I do believe I have conquered my addiction to holes.
Here are instructions for another genre of Klein Bottle.
1. Throw a bottle. Throw a conical spout. Throw a torus. The diameter of the bottle neck, spout neck, and torus cross section should be more or less equal.
2. Cut, nudge, score, slip, and assemble the parts into a Klein Bottle. If you really must insist on poking holes in the thing (don't you have anything less compulsive to do?), remember to cut them into the conical spout before assembling.

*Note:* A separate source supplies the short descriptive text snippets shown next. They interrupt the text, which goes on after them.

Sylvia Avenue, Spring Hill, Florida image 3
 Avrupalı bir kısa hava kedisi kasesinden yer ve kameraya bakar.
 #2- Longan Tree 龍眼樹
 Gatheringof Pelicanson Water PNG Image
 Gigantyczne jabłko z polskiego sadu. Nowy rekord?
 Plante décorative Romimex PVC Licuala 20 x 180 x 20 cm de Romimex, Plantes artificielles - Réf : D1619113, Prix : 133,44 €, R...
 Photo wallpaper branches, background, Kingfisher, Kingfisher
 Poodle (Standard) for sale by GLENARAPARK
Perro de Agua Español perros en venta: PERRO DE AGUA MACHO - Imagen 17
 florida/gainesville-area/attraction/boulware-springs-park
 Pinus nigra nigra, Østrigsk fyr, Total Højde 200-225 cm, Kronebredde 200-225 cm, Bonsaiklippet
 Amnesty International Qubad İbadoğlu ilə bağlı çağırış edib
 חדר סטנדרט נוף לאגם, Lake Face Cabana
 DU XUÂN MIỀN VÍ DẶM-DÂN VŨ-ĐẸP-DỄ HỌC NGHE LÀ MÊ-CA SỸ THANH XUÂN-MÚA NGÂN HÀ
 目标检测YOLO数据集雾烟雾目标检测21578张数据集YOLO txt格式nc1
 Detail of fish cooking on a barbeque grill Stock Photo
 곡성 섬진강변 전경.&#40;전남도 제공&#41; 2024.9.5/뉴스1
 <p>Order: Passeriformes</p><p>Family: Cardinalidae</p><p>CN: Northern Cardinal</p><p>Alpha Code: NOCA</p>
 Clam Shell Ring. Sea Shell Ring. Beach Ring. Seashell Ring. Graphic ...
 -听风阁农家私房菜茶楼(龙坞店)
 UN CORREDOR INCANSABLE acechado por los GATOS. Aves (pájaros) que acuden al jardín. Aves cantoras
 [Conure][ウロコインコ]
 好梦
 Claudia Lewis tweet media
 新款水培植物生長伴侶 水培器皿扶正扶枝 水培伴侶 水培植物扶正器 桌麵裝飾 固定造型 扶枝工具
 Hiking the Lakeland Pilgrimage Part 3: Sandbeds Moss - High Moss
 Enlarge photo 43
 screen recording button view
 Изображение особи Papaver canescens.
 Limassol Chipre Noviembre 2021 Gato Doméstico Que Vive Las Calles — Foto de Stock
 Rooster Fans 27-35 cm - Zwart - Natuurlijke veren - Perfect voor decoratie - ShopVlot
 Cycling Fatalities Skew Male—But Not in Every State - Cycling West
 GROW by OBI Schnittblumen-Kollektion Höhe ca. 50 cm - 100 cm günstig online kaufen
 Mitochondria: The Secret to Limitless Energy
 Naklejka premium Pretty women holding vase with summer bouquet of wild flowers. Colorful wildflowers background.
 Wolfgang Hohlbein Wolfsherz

The advantage of this model is that when you call it a "Klein Bottle," people understand the bottle part, if not the Klein part. I suppose it should be called a Klein-Bottle Bottle.
The Klein-Bottle Bottle is fine, but I'm more partial to the Diatomaceous Double Torus model. Please amend the previous instructions: do whatever steps you can while the clay is still wet. In this endeavor, malleable toruses are your friends.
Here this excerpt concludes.